Der innenpolitische Sprecher der CDU/CSU-Fraktion, Hans-Peter Uhl, erklärte, die Koalition werden die notwendigen Änderungen von Waffengesetz und Gewerbeordnung nach der Sommerpause in Angriff nehmen. "Wir sind uns einig, dass private Sicherheitsleute an Bord deutscher Handelsschiffe den Schutz vor Piratenüberfällen übernehmen sollen", sagte Uhl der "Neuen Osnabrücker Zeitung".
Private Sicherheitsdienste
Doch der Einsatz privater Dienstleister ist umstritten. "Die Bekämpfung der Piraterie ist und bleibt eine hoheitliche Aufgabe", sagte Niedersachsen Innenminister Uwe Schünemann (CDU) der "Financial Times Deutschland" (Donnerstagsausgabe). Zuerst müssten Bundeswehr und Bundespolizei tätig werden - "im Rahmen ihrer Möglichkeiten". Sicherheitsdienste dürften höchstens "flankierend" eingesetzt werden.
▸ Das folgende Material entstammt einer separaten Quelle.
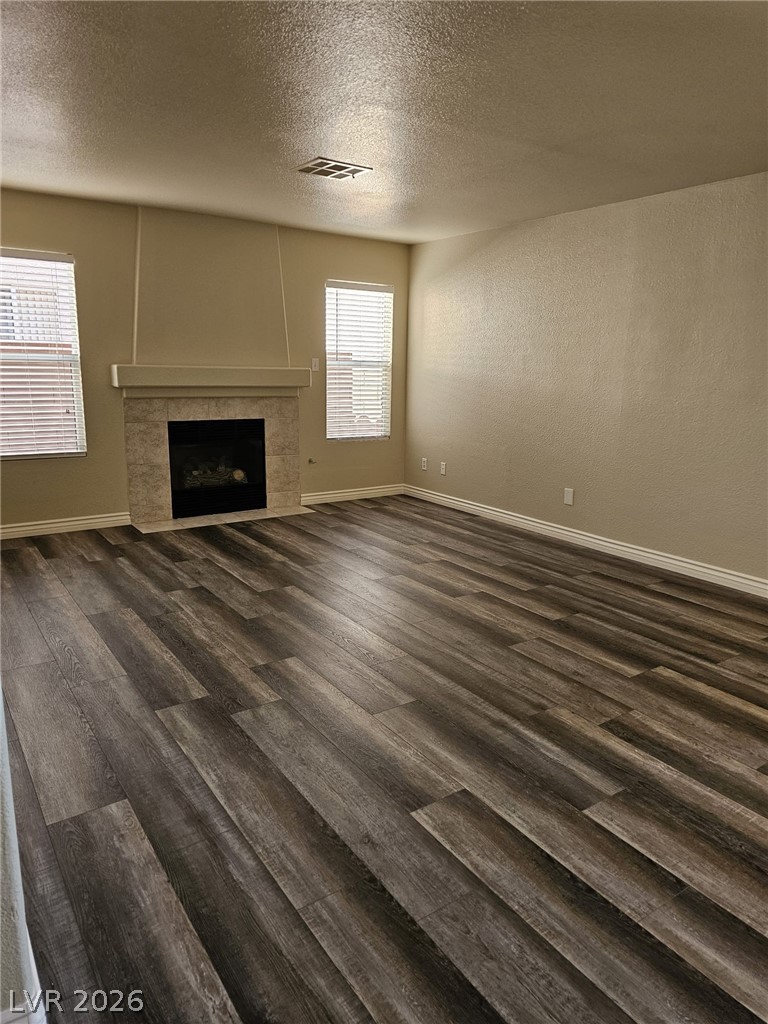 1513 Calle Montery Street Property Photo 6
Auch die Gewerkschaft der Polizei ist skeptisch. "Für mich ist das nach wie vor eine hoheitliche Aufgabe", sagte der GdP-Vorsitzende Bernhard Witthaut. Er forderte, sofort 500 ehemalige Soldaten zur Bundespolizei zu holen und diese zu Schutz der Schiffe einzusetzen. "Das wäre schon mal ein erster Schritt", sagte er.
Gewaltmonopol in Gefahr
Grüne und Linkspartei kritisierten die Regierungspläne und sehen das Gewaltmonopol des Staates infrage gestellt. Mit der Änderung des Waffenrechts werde es erstmals Privatpersonen erlaubt, legal Kriegswaffen zu besitzen. Außerdem würde die Aufrüstung bei den Schiffen eine Aufrüstung bei den Piraten nach sich ziehen, was letztlich zu mehr Toten und Verletzten führen könnte, so die Befürchtung.
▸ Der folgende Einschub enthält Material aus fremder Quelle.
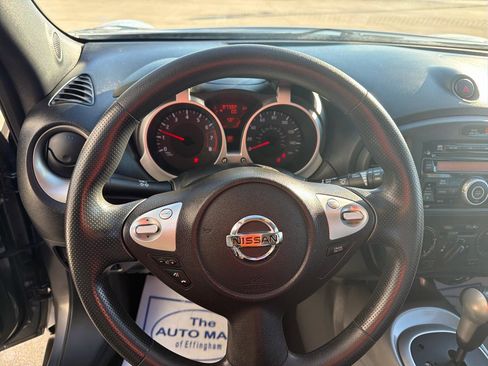 Used 2014 Nissan Juke S image 23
"Wer Piraten mit Söldnern bekämpfen will, versucht den Teufel mit dem Beelzebub auszutreiben", sagte der verteidigungspolitische Sprecher der Linkspartei, Paul Schäfer. Weniger ablehnend zeigte sich die SPD, die nur klare Regeln für den Einsatz von Sicherheitsdienstleistern forderte.
Söldner im Einsatz
Private Sicherheitsdienste sind längst am Horn von Afrika im Einsatz. Üblich seien fünf Söldner pro Fahrt, zu einem Preis von bis zu 100.000 Euro, berichtete die "Financial Times Deutschland". Diese Söldner stammten meist aus Großbritannien oder Israel und begleiteten die Schiffe auf ihrer Fahrt durch die gefährlichen Gebiete am Horn von Afrika, schrieb die Zeitung weiter.
Auch ein Drittel aller deutschen Handelsschiffe engagiert bereits private Dienstleister zum Schutz. Die Rechtsgrundlage ist allerdings alles andere als klar.